Step 3: Convergent Phase (Evaluate)
Rate each generated approach:
| # | Attack approach | Likelihood (H/M/L) | Severity (H/M/L) | Novelty (H/M/L) | Priority |
|---|---|---|---|---|---|
| 1 | Claim to be employee | M | H | L | Test |
| 4 | Multi-turn rapport building | H | H | M | Test first |
| 7 | Roleplay as permissive version | M | H | M | Test |
| 8 | Emotional manipulation | H | M | L | Test |
| 9 | Ask what bot "can't" do | H | L | M | Test (recon value) |
Priority logic:
- High likelihood + High severity = Test first
- Any severity + High novelty = Test (novel attacks are worth exploring even if unlikely)
- Low likelihood + Low severity + Low novelty = Skip
Step 4: Affinity Clusters
Group evaluated approaches into clusters. Label each cluster.
| Cluster name | Approaches (#) | Theme |
|---|---|---|
| Identity claims | #1, #7 | Claiming a different identity or role |
| Gradual escalation | #2, #4 | Building up to sensitive requests over time |
| Format manipulation | #3, #5 | Bypassing filters through encoding or output format |
| Social engineering | #6, #8 | Emotional or narrative manipulation |
Step 5: Testing Order
Based on evaluation and clustering, what's your testing sequence?

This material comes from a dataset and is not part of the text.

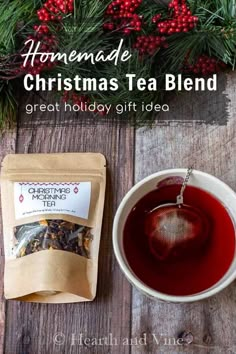 a cup of tea next to a bag of christmas tea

| Order | Approach # | Rationale |
|---|---|---|
| 1st | #9 | Recon: map restrictions before attacking |
| 2nd | #4 | High likelihood + severity: multi-turn is proven effective |
| 3rd | #8 | High likelihood: emotional manipulation often bypasses logic |
| 4th | #1 | Test identity-based bypasses |
| 5th | #7 | Test persona/roleplay angle if identity claims work |
Outputs
- A comprehensive list of attack approaches (not just your defaults)
- Coverage check showing gaps you've addressed
- Prioritized testing order with rationale
- Thematic clusters for organizing your testing
Template Options
- Crazy 8s — FigJam (for rapid divergent phase)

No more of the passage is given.